On the other hand, there are bi- and trigrams that appear more than 10 times (1840 bigrams and 671 trigrams) The following graphs shows the 20 most common bi- and trigrams.

par(las=2)
barplot(head(sort(values(bigram), decreasing = TRUE), n = 25), 
        main = "Most Frequent Bigrams")

barplot(head(sort(values(trigram), decreasing = TRUE), n = 25), 
        main = "Most Frequent Trigrams")

The trigrams that start a sentence are the most frequent ones. Most phrases start with “I”, “The”, or “And”. The following graph lists the trigrams that come from the middle or end of a phrase.

par(las=2)
barplot(head(sort(values(trigram.new), decreasing = TRUE), n = 25), 
        main = "Most Frequent Trigrams (from within a Phrase)")

These trigrams contain mainly the more common words, thus suggesting that the predictive model might work even if it disregards very rare words.

Summary

The explorativ data analysis shows that the needed word sequences can be extracted from the given data files. The data is very extensive, so only a representative sample of the data has been used for analysis. Nevertheless, the results are promising.
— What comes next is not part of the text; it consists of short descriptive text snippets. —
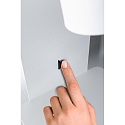 reading lamp MALENA with USB connection GU10 IP20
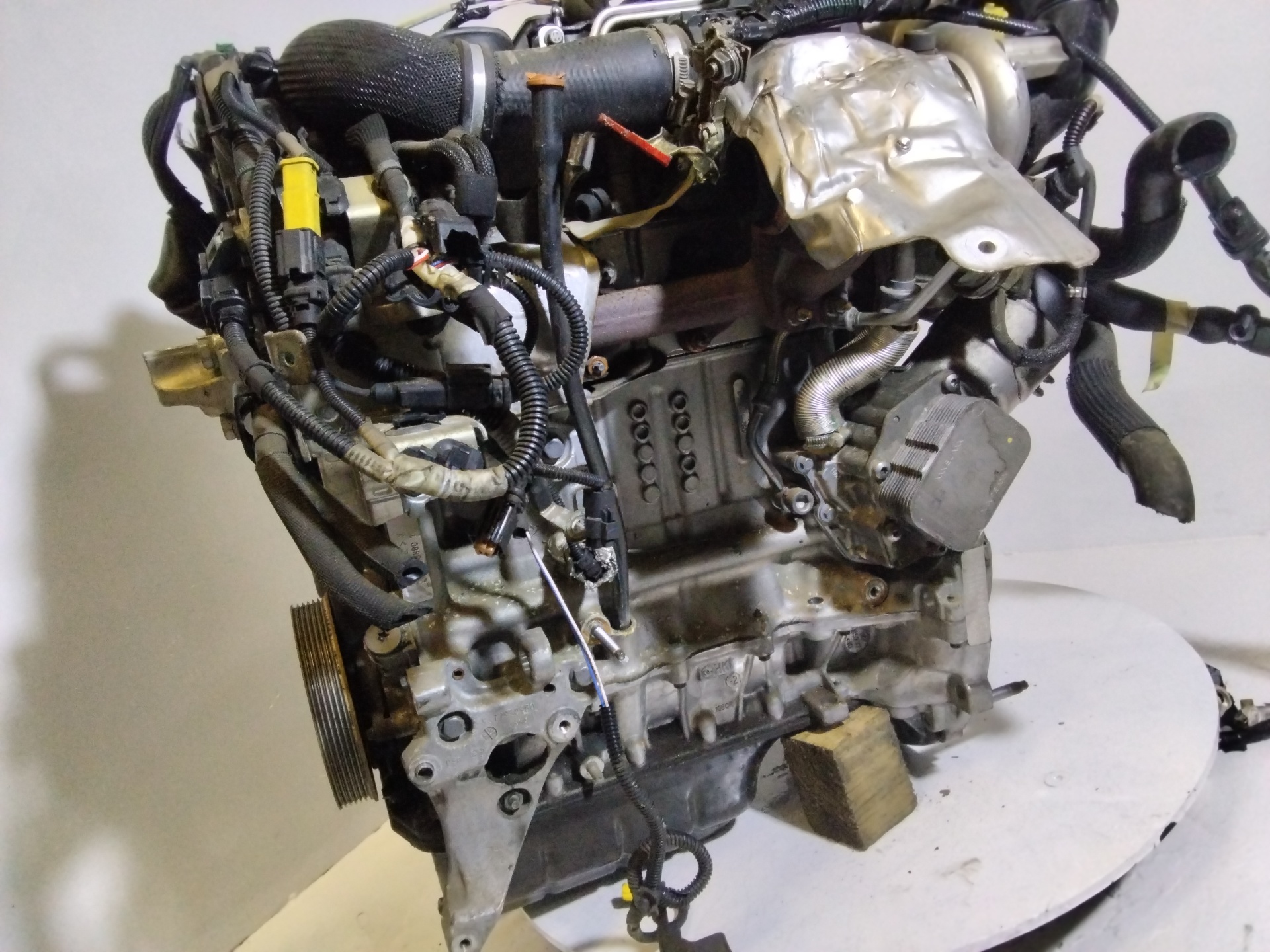 RENAULT Motor 8HR 23889134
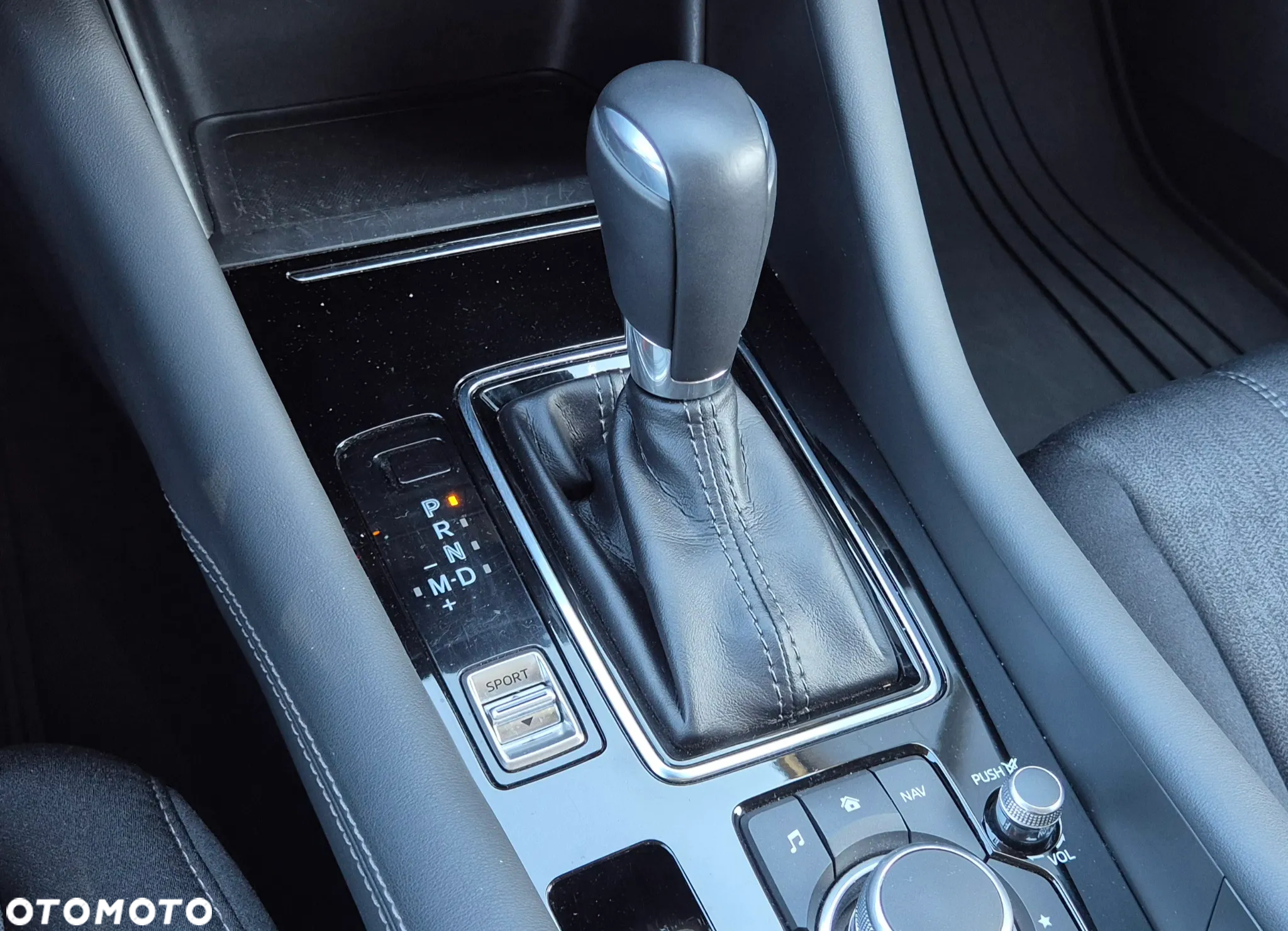 Mazda 6 2.0 Center-Line - 11
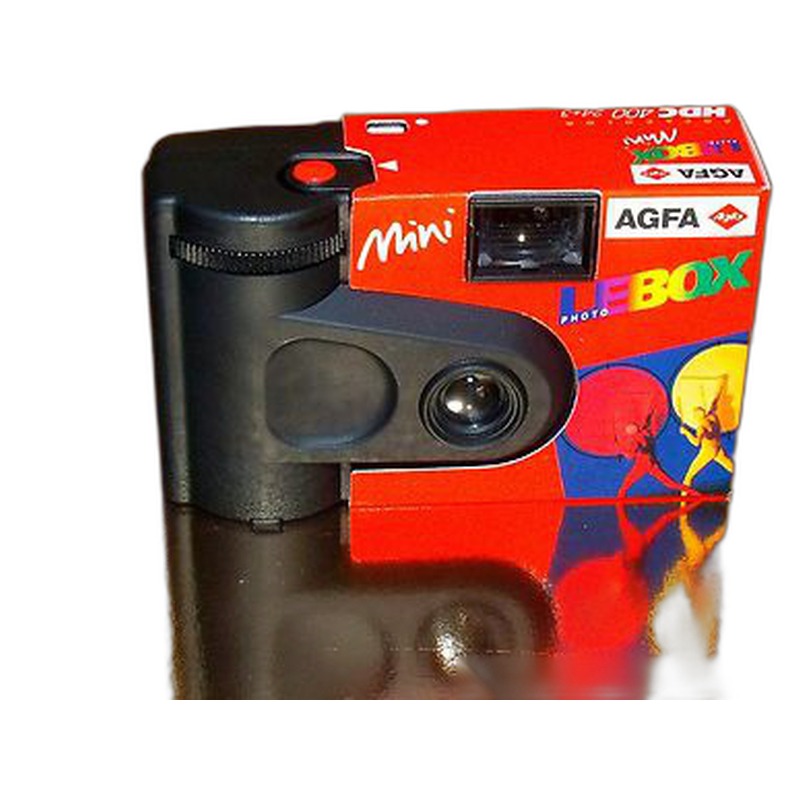 Agfa Le Box Mini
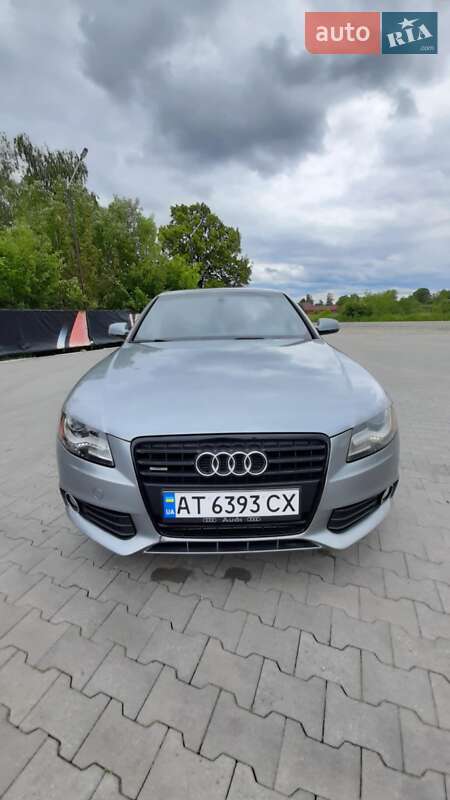 Седан Audi A4 2010 в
Generally speaking, texts seem to contain many rarely used words and a limited number of extremely frequently words. The trend is the same for bi- and trigrams, though less pronounced. To use bi- and/or trigrams for predicting words shows promise. The challange will be to develop a model that can cope with the given memory and time limits.

The basic idea for the word prediction model is to harvest the power of the bi- and trigrams to predict the next word. For this purpose, given a sequence of zero to two words, the most likely of the fitting bi- and trigrams will be used. This idea can be generalized for the beginning of phrases. The Shiny app, that will be developed, will allow the user to enter a sequence of words. After the user presses a button, a short list of likely next words will be shown.

Besides memory and computing time restrictions, several other factors will be considered in the development of the prediction model: Dealing with inappropriate words, bad orthography, and special character sequences (e.g. abbrevations, words with numbers, smileys). Also, the consequences of using a different language then English have to be considered.